É inspirador recordar aqueles que, com muita garra e uma jornada repleta de desafios, construíram sua história a partir dos valores transmitidos por seus ancestrais europeus.

Essa cultura, preservada com zelo, nos permite testemunhar a saga destes jovens determinados, que trilharam um caminho árduo para conquistar seu lugar na sociedade.

A saudade dos avós e do pai sem dúvida, torna um impulso vital para essas hoje senhora e senhor seguirem em frente, enfrentando os obstáculos com resiliência e focando no que realmente importa, valorizando a essência de um dia ter sido jovem e a sabedoria adquirida com o tempo.

Compreendemos então que a verdadeira plenitude não está nos bens materiais, mas sim na essência do que somos.

A simplicidade e humildade tornam-se traços distintivos, em contraste com a sociedade do consumismo, onde a essência se perde nos excessos e nos custa caro em termos de saúde.

Reconquistar o equilíbrio torna-se um desafio ainda maior, pois o corpo já não responde como antes.

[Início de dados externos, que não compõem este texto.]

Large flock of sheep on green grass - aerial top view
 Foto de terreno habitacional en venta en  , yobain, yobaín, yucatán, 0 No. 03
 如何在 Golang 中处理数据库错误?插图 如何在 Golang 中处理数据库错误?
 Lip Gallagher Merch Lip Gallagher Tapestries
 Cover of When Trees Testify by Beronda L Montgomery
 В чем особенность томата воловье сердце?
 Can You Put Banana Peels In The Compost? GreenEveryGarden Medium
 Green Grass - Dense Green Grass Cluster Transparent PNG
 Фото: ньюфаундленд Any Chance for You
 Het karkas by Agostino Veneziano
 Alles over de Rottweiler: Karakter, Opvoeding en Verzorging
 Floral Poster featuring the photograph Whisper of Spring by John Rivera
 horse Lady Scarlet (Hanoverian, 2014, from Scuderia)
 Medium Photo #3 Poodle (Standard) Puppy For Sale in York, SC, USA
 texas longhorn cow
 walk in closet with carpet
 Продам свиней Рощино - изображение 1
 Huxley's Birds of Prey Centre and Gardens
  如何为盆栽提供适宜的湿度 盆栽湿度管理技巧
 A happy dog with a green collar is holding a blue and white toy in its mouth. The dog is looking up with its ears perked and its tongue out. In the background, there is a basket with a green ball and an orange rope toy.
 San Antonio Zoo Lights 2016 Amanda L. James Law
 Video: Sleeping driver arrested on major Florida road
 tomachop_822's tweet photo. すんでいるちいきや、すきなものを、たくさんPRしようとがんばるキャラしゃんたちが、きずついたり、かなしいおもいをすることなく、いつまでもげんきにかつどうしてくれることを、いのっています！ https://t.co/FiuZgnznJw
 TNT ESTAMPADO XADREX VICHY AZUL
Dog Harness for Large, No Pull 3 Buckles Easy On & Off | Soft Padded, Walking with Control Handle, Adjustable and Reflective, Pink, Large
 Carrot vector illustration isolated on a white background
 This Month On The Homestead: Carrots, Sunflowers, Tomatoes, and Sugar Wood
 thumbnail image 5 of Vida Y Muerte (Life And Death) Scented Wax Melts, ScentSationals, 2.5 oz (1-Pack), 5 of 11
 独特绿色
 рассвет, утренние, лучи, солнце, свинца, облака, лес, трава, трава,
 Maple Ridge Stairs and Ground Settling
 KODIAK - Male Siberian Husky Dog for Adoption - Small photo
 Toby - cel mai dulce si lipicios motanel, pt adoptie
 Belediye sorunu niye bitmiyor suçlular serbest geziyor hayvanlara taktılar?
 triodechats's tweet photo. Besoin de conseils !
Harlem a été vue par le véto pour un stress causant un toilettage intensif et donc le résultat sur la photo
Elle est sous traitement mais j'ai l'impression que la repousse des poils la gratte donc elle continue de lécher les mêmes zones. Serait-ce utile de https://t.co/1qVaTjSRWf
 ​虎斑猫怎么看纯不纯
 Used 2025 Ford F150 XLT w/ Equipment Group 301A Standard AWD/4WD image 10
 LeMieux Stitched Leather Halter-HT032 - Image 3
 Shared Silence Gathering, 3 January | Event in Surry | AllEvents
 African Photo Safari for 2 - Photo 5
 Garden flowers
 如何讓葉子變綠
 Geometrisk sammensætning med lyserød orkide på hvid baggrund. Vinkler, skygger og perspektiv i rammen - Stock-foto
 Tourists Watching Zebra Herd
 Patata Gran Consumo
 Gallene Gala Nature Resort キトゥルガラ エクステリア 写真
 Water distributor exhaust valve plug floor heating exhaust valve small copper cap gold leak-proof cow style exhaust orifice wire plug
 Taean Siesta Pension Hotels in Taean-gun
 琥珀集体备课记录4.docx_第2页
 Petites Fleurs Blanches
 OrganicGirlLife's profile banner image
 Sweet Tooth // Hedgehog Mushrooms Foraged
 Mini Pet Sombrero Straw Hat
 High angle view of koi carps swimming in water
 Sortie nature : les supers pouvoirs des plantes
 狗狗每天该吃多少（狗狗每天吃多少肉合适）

Quero expressar minha sincera gratidão a essa família que esteve presente em minha jornada estudantil e nos negócios de meus pais. Embora não tenhamos sido necessariamente grandes amigos, cultivamos uma relação de respeito mútuo.

Graças a essas boas lembranças, posso dedicar um momento para relembrar uma época em que a simplicidade superava a escassez, o amor era a maior virtude e o perdão sempre imperava.

Mesmo nos momentos de tristeza, a alegria contagiosa prevalecia, e onde havia desunião, a solidariedade e a compaixão surgiam naturalmente, enxergando no próximo um irmão.